Restitution à Champagnac-la-Rivière, c’était du 14 au 16 novembre 2025
En ce week-end de novembre nous sommes de retour à Champagnac-la-Rivière pour notre troisième temps de restitution. Au menu : installation d’une exposition de partage de l’expérience, installation de l’orchestre et répétition… accueil du public pour une soirée animée dont le clou du spectacle sont les goguettes, et dimanche un brunch de débrief’ avec le groupe local, rangement et trajet retour !
Le tract est toujours au rendez-vous et le soleil ainsi que l’hébergement au Souffle Vert à Cussac (chambre et café-tabac-presse tout confort à 7 kms) est un super soutien ! L’automne illumine ce petit coin du Parc du Périgord-Limousin. Nous découvrons la salle mise en beauté par Thierry et Françoise, avec une pergolas estivale et toute verdoyante qui habite le centre de l’espace… une nouvelle salle des fêtes une fois de plus ! Lumières tamisées et ambiance chaleureuse toudoux, on se sentirait presque à la maison !
Ici, à Champagnac-la-Rivière, lors de la résidence nous avions passer notre samedi soir à échanger des lectures de textes et Coco en particulier, en avait amené beaucoup que nous n’avions pas pu partagé dont celui-ci qui pourrait à lui seule nous faire revivre les espaces traversés ensemble durant la résidence :
Chats de partout de Henry Monnier
Je suis le chat de cimetière,
De terrain vague et de gouttière,
De haute-Égypte et du ruisseau
Je suis venu de saut en saut.
Je suis le chat qui se prélasse
A l’instant où le soleil passe,
Dans vos jardins et dans vos cours
Sans avoir patte de velours.
Je suis le chat de l’infortune,
Le trublion du clair de lune
Qui vous réveille dans la nuit
Au beau milieu de vos ennuis.
Je suis le chat des maléfices
Condamné par le Saint-Office ;
J’évoque la superstition
Qui cause vos malédictions.
Je suis le chat qui déambule
Dans vos couloirs de vestibules,
Et qui fait ses petits besoins
Sous la porte cochère du coin.
Je suis le félin bas de gamme,
La bonne action des vieilles dames
Qui me prodiguent le ron-ron
Sans souci du qu’en dira-t-on.
Épargnez moi par vos prières
Le châtiment de la fourrière
Où finissent vos émigrés
Sans demeure et sans pedigree.
Également, pour penser l’habitabilité, comment (re)lire le passé ?
Nous retenons en ce sens deux notions des balades à Champagnac qui questionnent la rétro-innovation possible.
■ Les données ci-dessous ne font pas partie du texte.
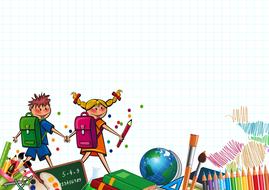 school students children drawing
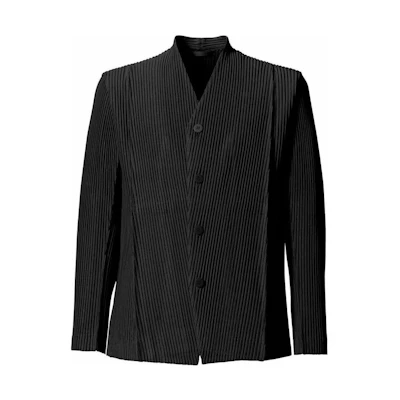HOMME PLISSÉ ISSEY MIYAKE SS22 Single-Breasted Pleated Jacket Black HP21JD170-15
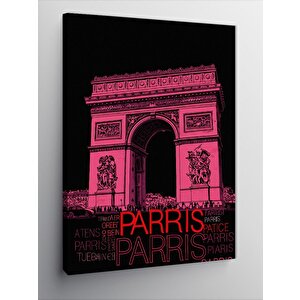 Kanvas Tablo Parris  Ve Pembe Işıklar 100x140 cm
Comment le passé peut nous donner à inventer le futur ? On ne parle bien sûr pas de retour en arrière, mais d’inspiration. Ici il s’agit :
de (re)penser les lisières : fût le temps d’un aménagement en escargot, donc le centre était le bourg, vers des couronnes où l’humain est moins présent (en termes d’habitat comme d’activité) ;
de penser des multi-activités partielles : la combinaison de proto-industries et travail agricole a permis une forme de « résistance » à l’exode rural du Périgord-Limousin.
Cette question se pose aussi pour des besoins plus physiologiques, dans l’utilisation de l’eau, la production alimentaire, les besoins sanitaires (les fameuses toilettes sèches entre autres).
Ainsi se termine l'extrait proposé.